After forming the San Diego Writers Collective in 2003, Mayhew co-founded City Works Press at San Diego City College in 2005. She is careful to point out that she wasn’t alone in this effort, and that she co-founded the nonprofit publishing company with her partner, Jim Miller, who is also a City College professor.
City Works Press, according to the publisher mission statement, focuses on San Diego’s literary scene, as opposed to bigger cities such as New York or Los Angeles. Mayhew’s mission is to build a local literary community that is less concerned with mass-market and more concerned with the locale.
According to Mayhew, there are a lot of San Diego writers doing great work, but their work is largely unsung. As managing editor of City Works, she curates each book to showcase experimental form, progressive politics and new voices. Mayhew publishes fiction, poetry, nonfiction and academic writing from both veteran authors and also unpublished writers.
Mayhew herself is no stranger to authorship. City Works has published a couple of Mayhew’s own books, but even with writing she prefers a communal experience. She co-authored two books with Miller and co-edited a collection of fiction, poetry and essays on parenting with Alys Masek.
While Mayhew likes writing, she prefers the communal process of editing and actually putting other people’s books “out in the world.” She enjoys finding ISBNs, communicating with printing companies, and going over final drafts – the aspects of publishing that lie beyond the text itself. As Miller puts it, Kelly is really good at “running the nuts and bolts stuff that we need to do to actually have a press.”
Mayhew teaches English, humanities and gender studies at City College, and she is an activist in the progressive community in San Diego.
“I’m an English teacher; that’s mostly what I do,” she says. Mayhew dons a purple bandana and a matching purple shirt. The watch on her left wrist is equally colorful, and she smiles wide as she speaks. She holds two degrees in English and a doctorate in American Culture Studies, but rather than focus on herself, she deflects and focuses instead on City College as a crossroads of different ethnicities and students in challenging socioeconomic positions.
Honoring the local community of people who document their experiences and challenge the status quo is the driving force in Mayhew’s work with City Works Press. “I see books as part of a culture, not as things that stand outside of a culture,” she says. For Mayhew, everything is part of a community and nothing stands alone – including herself.

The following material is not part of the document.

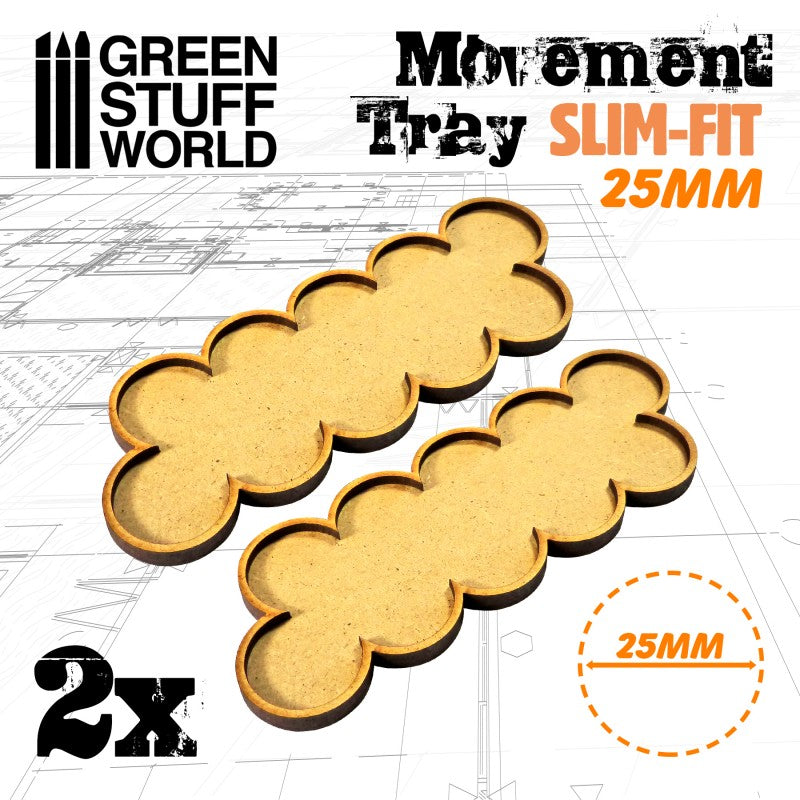 Green Stuff World: MDF Movement Trays 25mm x 10 - SLIM-FIT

City Works held its 10th anniversary celebration on Oct. 16 at the packed Glashaus Gallery in Barrio Logan where they sold hundreds of copies of their newest release, “Sunshine/Noir II.” The whole point of the event was “not about Kelly or me but about the community surrounding the press,” Miller said, echoing Mayhew’s emphasis on community.

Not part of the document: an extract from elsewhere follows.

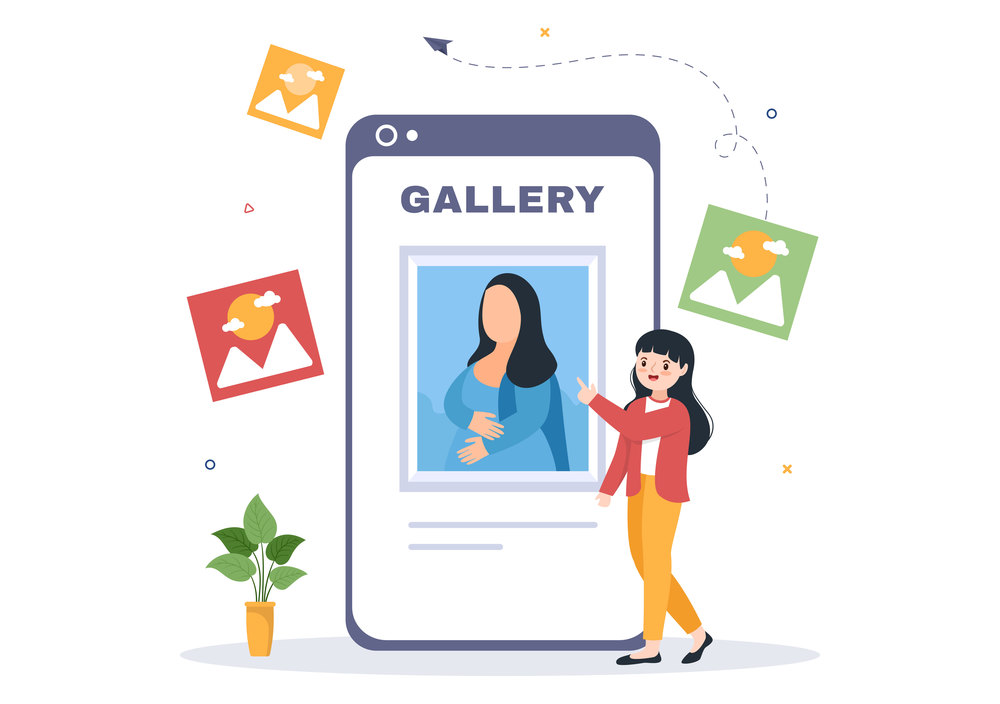 Photo Gallery on Mobile App and File on Computer Containing Images, Documents or Videos in Flat Style Cartoon Hand Template Illustration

“City Works Press is a collective community-based effort representing the San Diego that doesn’t always get represented – the communities that City College represents. And Kelly is a remarkably smart, competent, and caring teacher and professional who really helps bring our effort together,” Miller said.
Gally Mtdo • Nov 11, 2015 at 4:23 pm
It always gives one pause about the old requirement for university success to be published, to have a written work of yours reach a publishing house and be put in print. Now with the Internet and vanity press publishers, has the quality of what authors used to have to display lessened at all, is it easier to reach print and gain an audience than it was “back in the day?” An easy guess is yes, it is, but whatever scaled is used to reach that conclusion is also probably open to debate.

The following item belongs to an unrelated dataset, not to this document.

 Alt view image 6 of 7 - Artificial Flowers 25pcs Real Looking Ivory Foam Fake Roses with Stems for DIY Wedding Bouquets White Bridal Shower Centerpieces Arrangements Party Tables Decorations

The environmentalists who monitor the lumber industry no doubt had night sweats over the number of trees that were used for no other reason than a new graduate having some kind of introspective work put into print for the main reason of gaining university creds. They can calm down now because of online books and Kindle. But what of us, has the nature of our reading material lessened or deteriorated over the generations? Are our textbooks up to the same standards as those of our ancestors, or maybe even better?
Being a published author and professional acceptance, is it the same now?